Recuerdo que, durante algunos años, antes de las fiestas navideñas, me quedaba trabajando hasta tarde en una oficina del centro de la ciudad. Cuando terminaba, ya había anochecido, todos los negocios estaban cerrados, el gentío había desaparecido, y salía encontrándome con una plaza céntrica totalmente vacía. Sólo se veían uno o dos ejecutivos llevando a casa los paquetes de sus compras hechas a último momento, caminando apresurados en el frío.

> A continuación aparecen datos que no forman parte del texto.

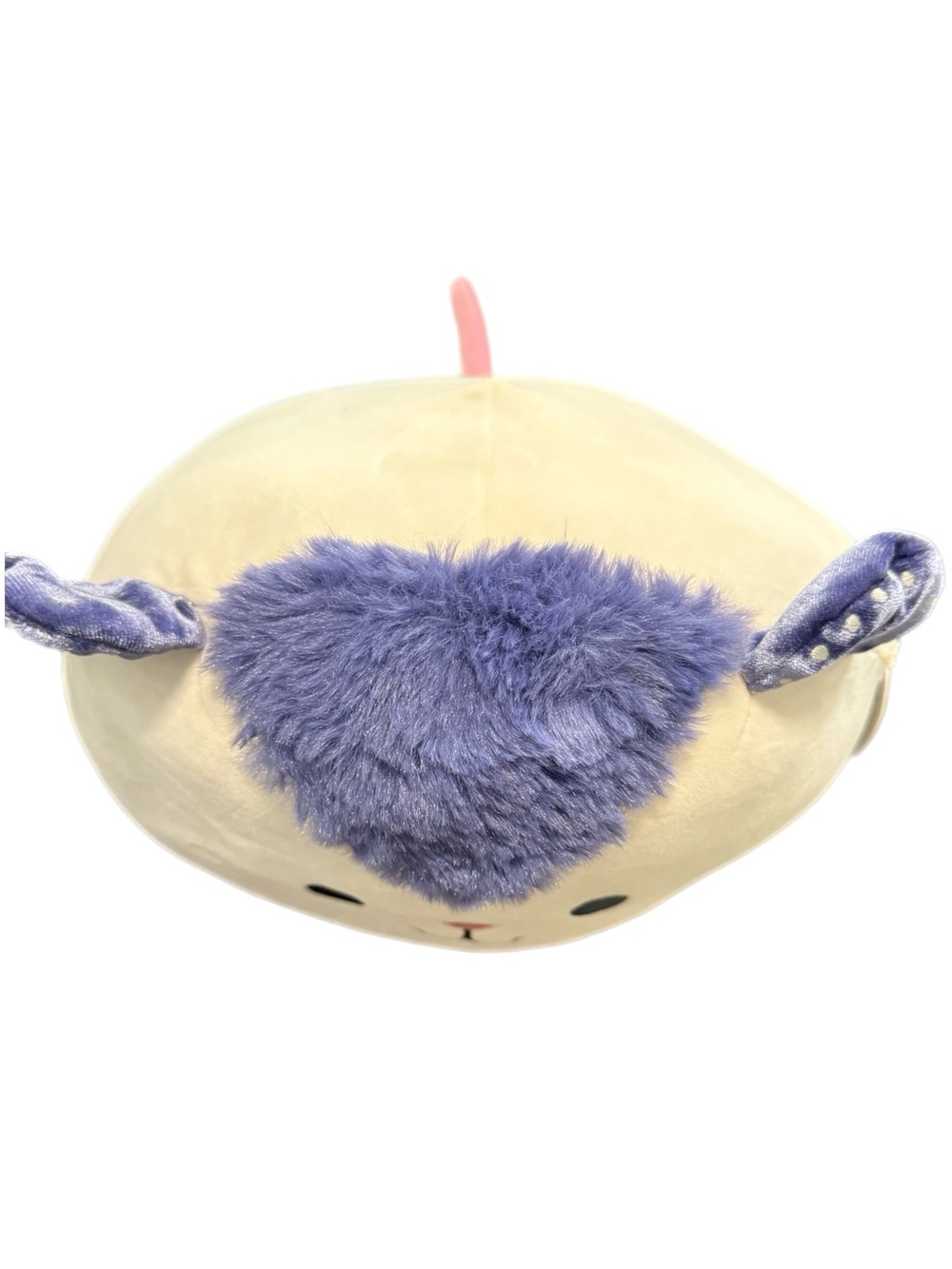 Squishmallows Blanche the Possum Purple Cream Plush 12” NWT - Picture 4 of 10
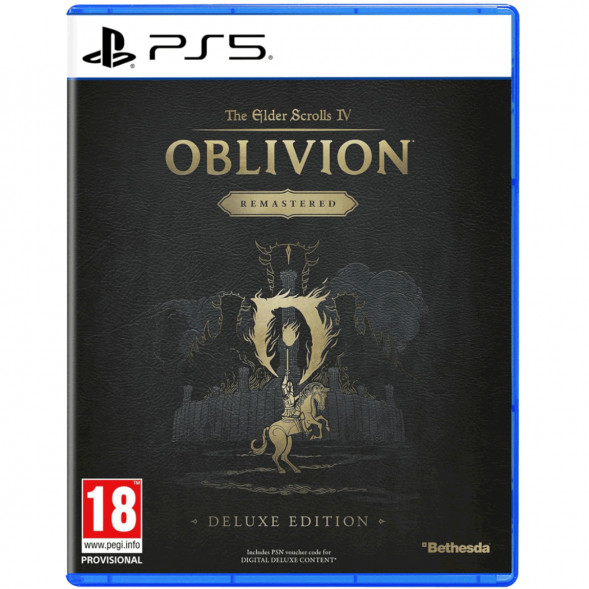 Игра The Elder Scrolls IV: Oblivion Remastered. Deluxe Edition [PS5, английская версия] в Сургуте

Sin gente a su alrededor, las decoraciones de los faroles y los árboles iluminados ya no parecían tan alegres, sino más bien sombríos. Y uno no podía evitar pensar que no había mucho en esos enormes edificios vacíos, que pudiera satisfacer el espíritu de sus diarios ocupantes. Las transacciones comerciales, el fugaz prestigio y el sueldo elevado, tampoco podrían satisfacerlo. Caminando en la oscuridad, sentía claramente que todos necesitábamos buscar en otro lugar para encontrar el corazón y el alma de nuestra vida.
Hoy en día, los arreglos festivos ofrecen una especie de cálido y temporario respiro a ese yermo. Pero es interesante notar que es la historia original y sencilla de la Navidad la que continúa brindando la promesa práctica más grande para elevar los corazones de todos.